Sunday, January 12, 2020

Week 1_Shannon Ngo_ASA150E

Shannon Ngo
ASA150E

In her book Body Counts: The Vietnam War and Militarized Refugees, Yen Le Espiritu closely examines the lives of refugees during and especially after the devastating impacts of the war. She further differentiates the implications behind the phrases “good refugee” and “good warrior,” allowing the United States to hide behind a front of patriotism and justice. The country rebranded its war efforts as a fight for democracy, rather than capitalistic endeavors to demonstrate imperial power and control. The media hailed the returning soldiers as heroes, young boys who suffered in a foreign, chaotic country, neglecting to mention the war crimes against civilians and environmental havoc. Instead of admitting and acknowledging their wrongful declaration of war, their forced invasion and occupation of Vietnam, the United States painted an entirely different picture, “[opting] to present a personalist, ahistorical, and ultimately ‘we-win-even-when-we-lose’ account of the war and its aftermath” (96). Refugees were success stories, the actual events of their lives re-narrated in ways to benefit the United States and their cover-up-- silencing the voices of those impacted by the war. The suffering and hardships were diminished or forgotten entirely in the government’s blatant focus on this facade. 

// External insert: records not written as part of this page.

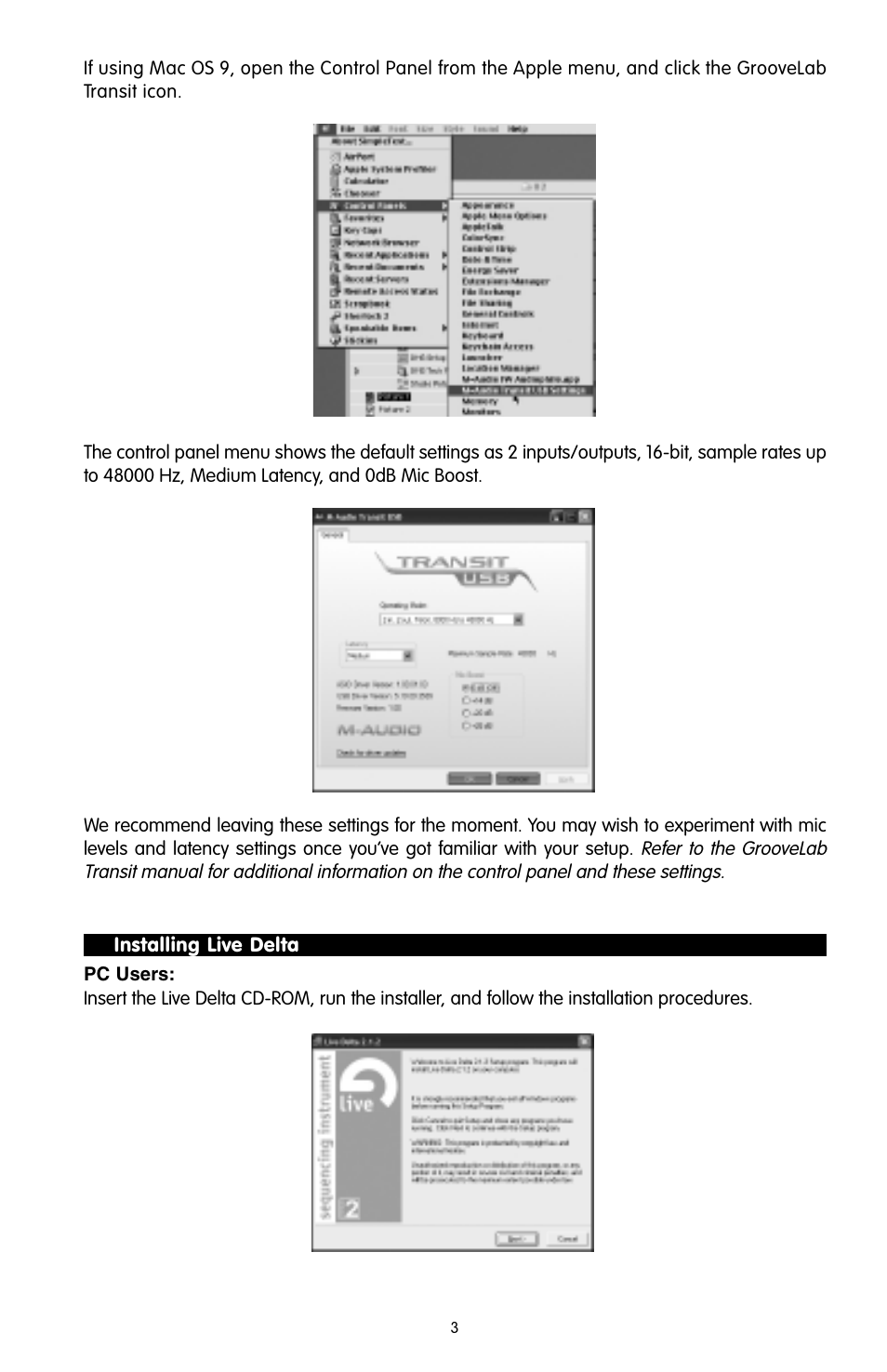 Installing live delta | M-AUDIO Groove Lab User Manual | Page 4 / 14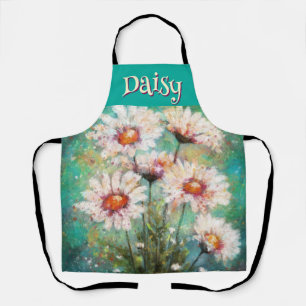 Daisies Impressionistic Floral Teal Personalized Apron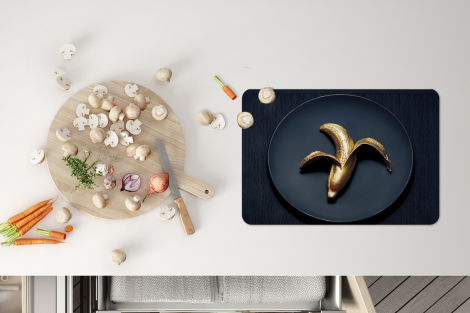 Premium placemats (6 stuks) - Gouden banaan op een donkere achtergrond - 45x30 cm-thumbnail-4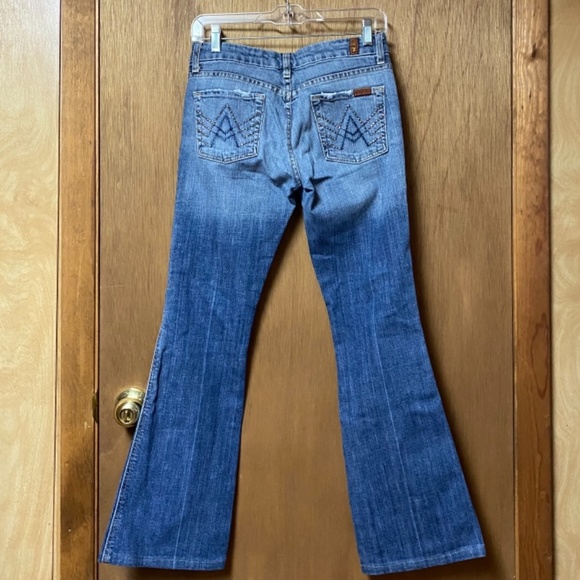 7 For All Mankind Flare Jeans with Rhinestone Back Pocket A Design - Picture 5 of 13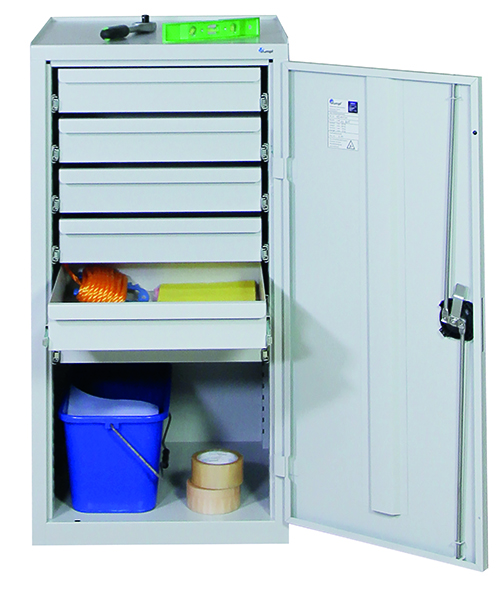 Werkzeugschrank, Höhe 100 cm, lichtgrau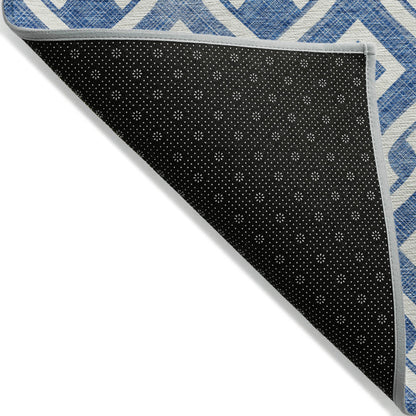 Addison Rugs Offset Stripes Blue Washable Indoor-Outdoor Rug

The Vietnam War was a blemish in America’s history, a haunting mistake it never truly recovered from. Subsequent wars were compared to this one, including its current involvement in the Middle East. And yet, the country is still determined to exact military might across the globe. 

Question: How do we encourage the forgotten and silenced stories of Vietnamese refugees? Similarly, how can we help the following generation cope with this heavy history looming over them, a past they neither lived through nor fully identify with but are expected to live with?


Image source: https://www.nationalgeographic.org/media/resettling-vietnamese-refugees-united-states/

Espiritu, Yen Le. Body Counts: The Vietnam War and Militarized Refugees, University of California Press, 2014. ProQuest Ebook Central.